* [The task]
Could you retype the lines below, starting at the line holding "Zalety i wady" and stopping at the line holding "2025年四川高考分?jǐn)?shù)線公布：各類別錄取線揭曉", inclusive? Copy them exactly and drop the images.

======== Data to examine

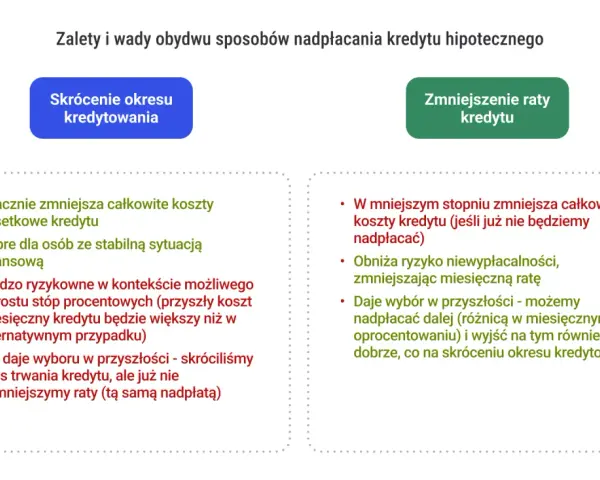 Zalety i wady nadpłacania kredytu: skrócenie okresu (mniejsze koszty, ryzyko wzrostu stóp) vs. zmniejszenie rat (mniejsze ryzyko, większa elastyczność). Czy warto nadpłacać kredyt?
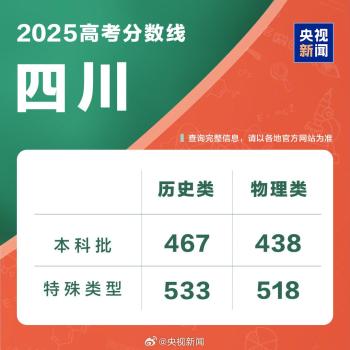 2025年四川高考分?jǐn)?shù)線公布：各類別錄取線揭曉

================
======== Data to examine

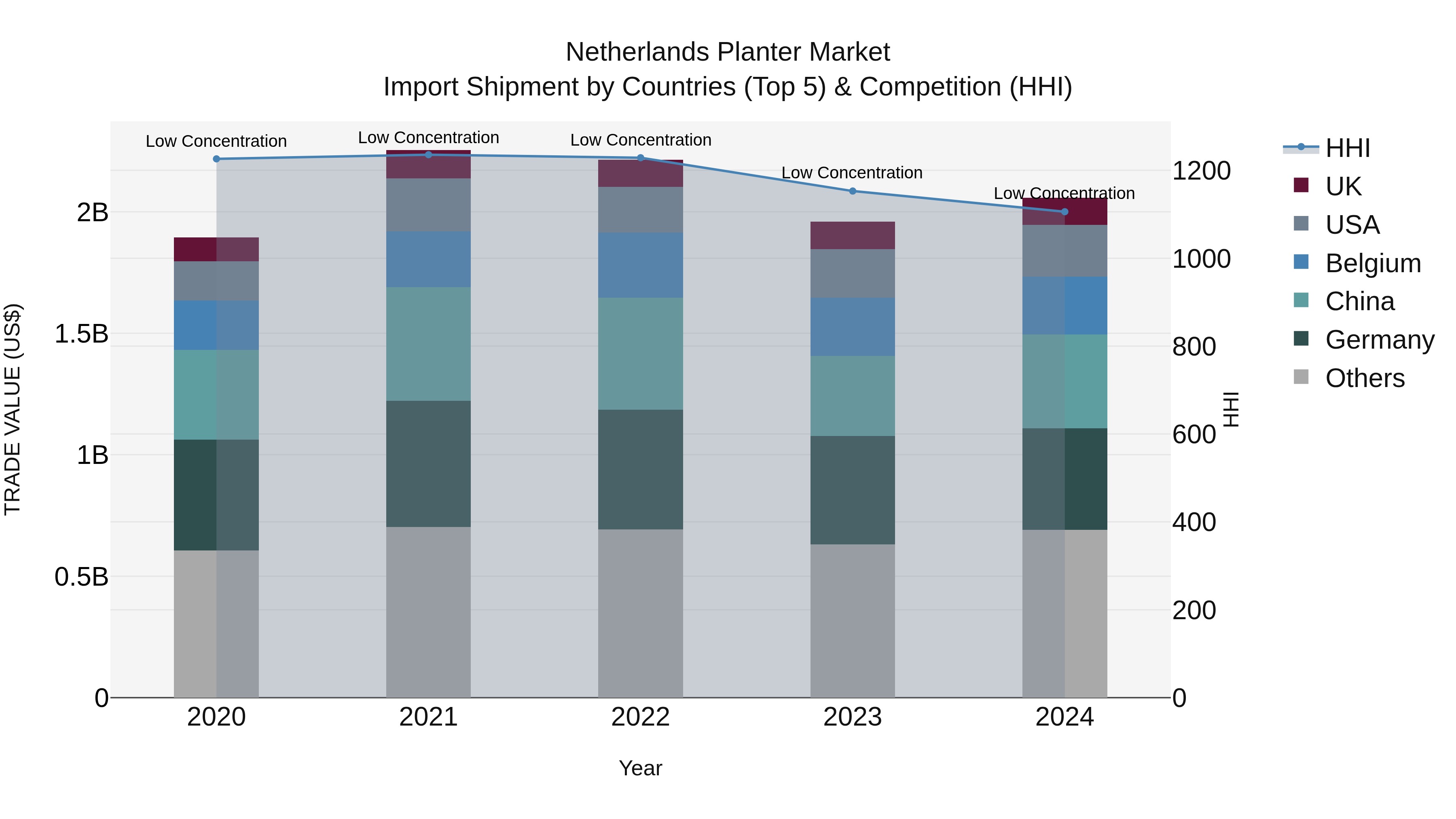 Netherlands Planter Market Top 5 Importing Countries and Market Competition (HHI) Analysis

================

* [Answer space]
 Zalety i wady nadpłacania kredytu: skrócenie okresu (mniejsze koszty, ryzyko wzrostu stóp) vs. zmniejszenie rat (mniejsze ryzyko, większa elastyczność). Czy warto nadpłacać kredyt?
 2025年四川高考分?jǐn)?shù)線公布：各類別錄取線揭曉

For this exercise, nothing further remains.